野村勇の観察眼が呼び込んだ“幸運” 65分間中断も…的中した「構えてくるやろうな」

ロッテ戦に出場した野村勇【写真:古川剛伊】
ロッテ戦に出場した野村勇【写真:古川剛伊】

17日のロッテ戦は降雨コールドで引き分け

 背番号99の周到な準備と集中力から生まれたプレーが、“幸運”を呼び込んだ。「いつ中断するか、コールドゲームになるか分からない状況だったので……」。断続的に降りしきる雨の中、好守を披露したのが野村勇内野手だった。

 17日に北九州で行われたロッテ戦。雷を伴う強い雨の影響で、3回を終えた時点から65分間の中断を余儀なくされた。グラウンドに乾いた土が撒かれ、整備が終わった直後の4回。2番手でマウンドに上がったばかりの大山凌投手に対し、先頭の友杉が三遊間への強い打球を放った。

 三塁を守っていた野村は、先ほどまでぬかるんでいたグラウンドとは思えないほどの足さばきを見せ、打球に飛びついた。しっかりとボールをつかむと、素早く起き上がって一塁に送球してアウトをもぎ取った。1時間を超える中断明けというタイミングで飛び出したビッグプレー。完璧に当たっていた“予感”とは――。野村勇が解説した。

「雨が止みそうだったので、集中力は切らさずに。中断後の一発目のプレーだし、『友杉はセーフティ(バントを)構えてくるやろうな』とか。そこへの準備はできていたのかなと思います」

本多コーチも称賛「時間が空いた後のプレー大事」

 グラウンド状況、仕切り直しのプレーボール、そしてマウンド上には代わったばかりのピッチャー。セーフティーバントを仕掛けるにはバッチリのタイミングだった。野村の想定通り、友杉は初球にバットを寝かした。投球がボールとなり、バントは敢行されなかったが、野村は三塁の位置から猛ダッシュを見せてプレッシャーをかけていた。

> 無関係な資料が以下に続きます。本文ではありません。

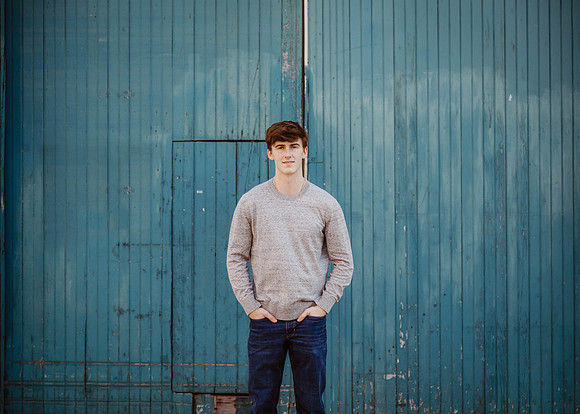 Asher senior pictures-55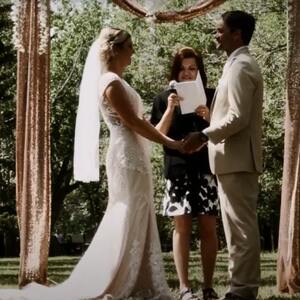 Wagging Tail Studios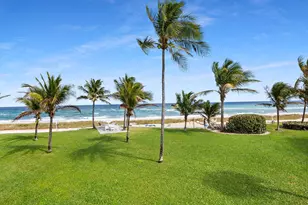 1041 Hillsboro Mile, Hillsboro Beach, FL 33062 - Photo 7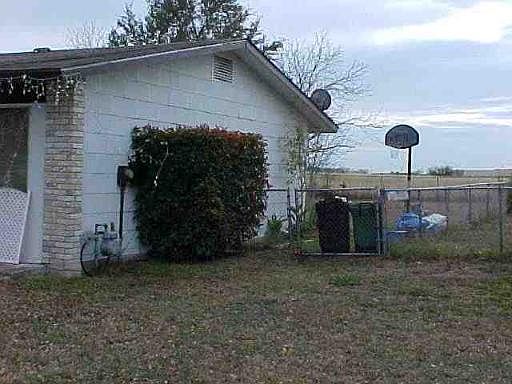 2nd image of 5314 WHEATLAND DR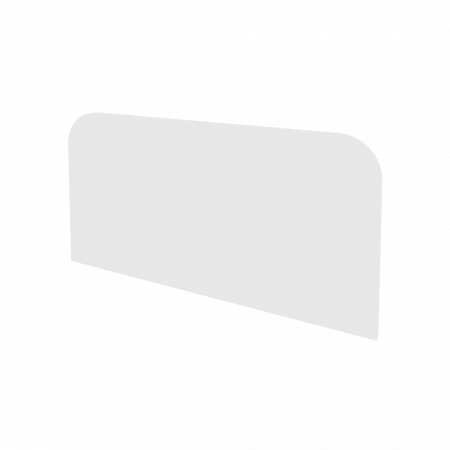 Экран боковой Л.ЭКР-5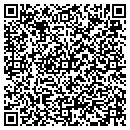 QR code with Survey Service contacts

 初球をめぐる一連の動きが、その後の“横っ飛び好捕”につながった面もある。「地面が悪いのは当然把握していましたし、滑るやろうなと頭に入れていましたけど。すごくきれいに整備してもらっていて。グラウンドも平らになっていたので。大丈夫だなと」。プレーが再開するまでしっかりと足場を確認していた「凡事徹底」が生んだプレーだった。

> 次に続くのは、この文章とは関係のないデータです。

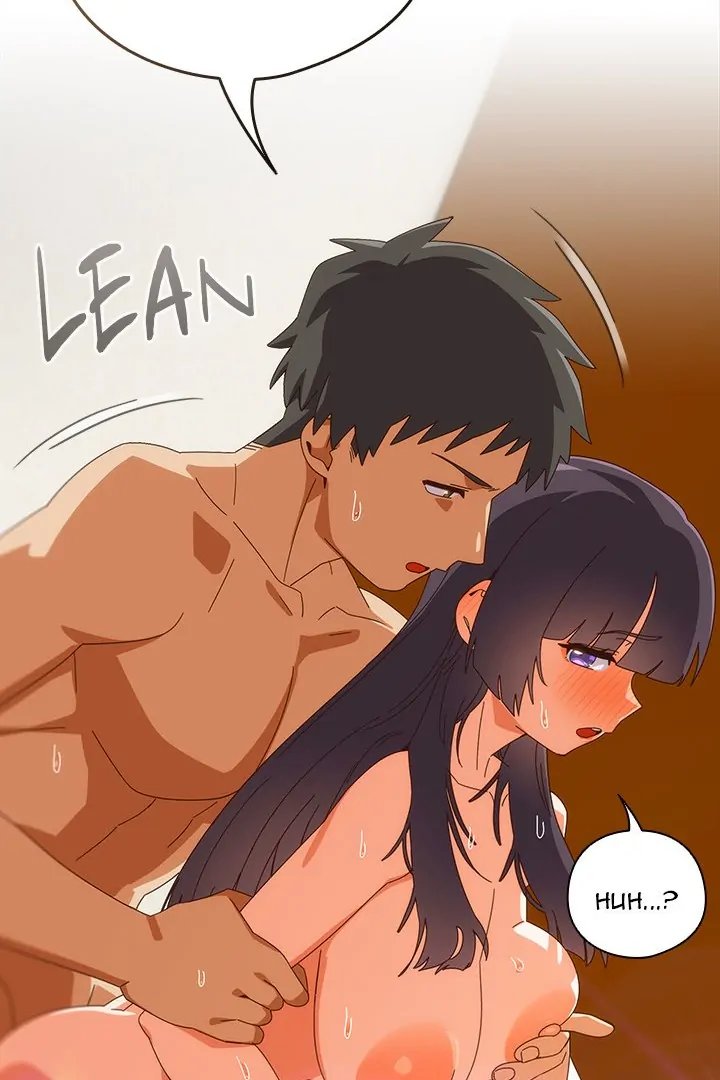 Like No Other - Chapter 43 Page 66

 代わりばなの大山凌投手を救った好守に、本多雄一内野守備走塁兼作戦コーチも目を細めた。「プレーボール直後の一発目とか、ああいう時間が空いた後の最初のプレーっていうのは大事ですよね。そういう意味で、本当にいいプレーを見せてくれたなという感じです」。集中力が切れやすい場面でも、準備を怠らなかった野村の姿勢を称賛した。

 試合は6回表にロッテが4得点していたが、再びの降雨で試合が中断。そのままコールドゲームとなり、結果的には引き分けで終わった。「運も味方につけて、という感じですね」。そう振り返った野村だが、何より運を持ってきたのは自身のプレーだった。ここまで主力の不在をカバーする働きを見せてきた28歳が、またチームを救った。